I think that when we allow our sentiment to become too important in our lives, therefore controlling us, then it would be sin. When we allow it to become our god then we are no longer walking after the Spirit. But, to be sentimental is not a sin. You were right to say that it is natural and I think a healthy part of our spirits to have sentiment.
Hi @Ame, your friend’s story resonated with me. When I was a child my granny owned a dairy farm which I spent a lot of my childhood on. She sold it when I was about 11. I’d say for the next decade, I had a strong yearning for the place and the memories which I held so dearly. It always raised a deep feeling of sorrow in me to think the farm and those memories were long gone. I’d say the yearnings were more than they should have been. It was beyond what I felt I should have, even in the grief.

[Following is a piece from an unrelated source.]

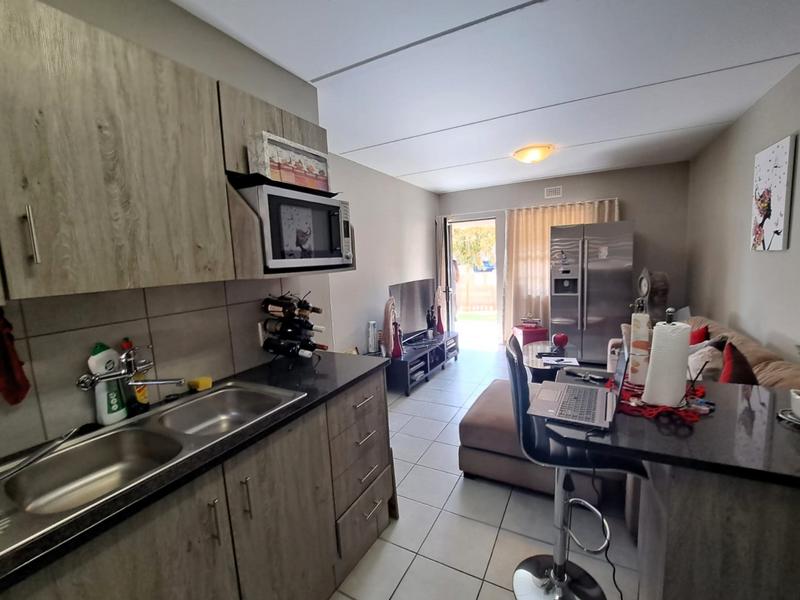 2 Bedroom Property for Sale in Heuweloord Gauteng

Finally, I surrendered it all to God - the longings, the strong attachments and overwhelming sadness I felt. When I did that, God removed the attachment from my heart, which I can only say was not how God wanted me to feel about the memories. From that day on, I could look fondly back at the memories and the place, without the burden of ungodly sorrow. I never looked on it as a sin, although I can see now that it was. I think the key thing was that until I let go of it all and handed it to God, I was holding back from God an area of my heart to heal. I think that I had let what @gchop described take hold of my heart until I put God back in his rightful place.
I agree with Carrie also, that we can place our sentiment on a higher level that it rightly deserves. It reminds me of CS Lewis’ journey to discovering God as living and real as told in his autobiography. In all his studies and reading of mythology, religion and philosophy in pursuit of knowing a deity (or otherwise), he finally realised he had been pursuing the feelings of joy that these stories gave him, even more than what they might have offered him about a true idea of God. It was only when he realised this, and decided to let go of it was he able to surrender to the true God. (I feel I’ve coarsely tried to paraphrase an entire book here, apologies that I’ve not done it justice, but I hope you get my point .)
I think you’ve counselled your friend well, and maybe encourage her to keep God at the centre of her grief and sorrow. Godly grief is necessary and healthy. When God is not at the centre does the grief turn into something it shouldn’t be, as I learned.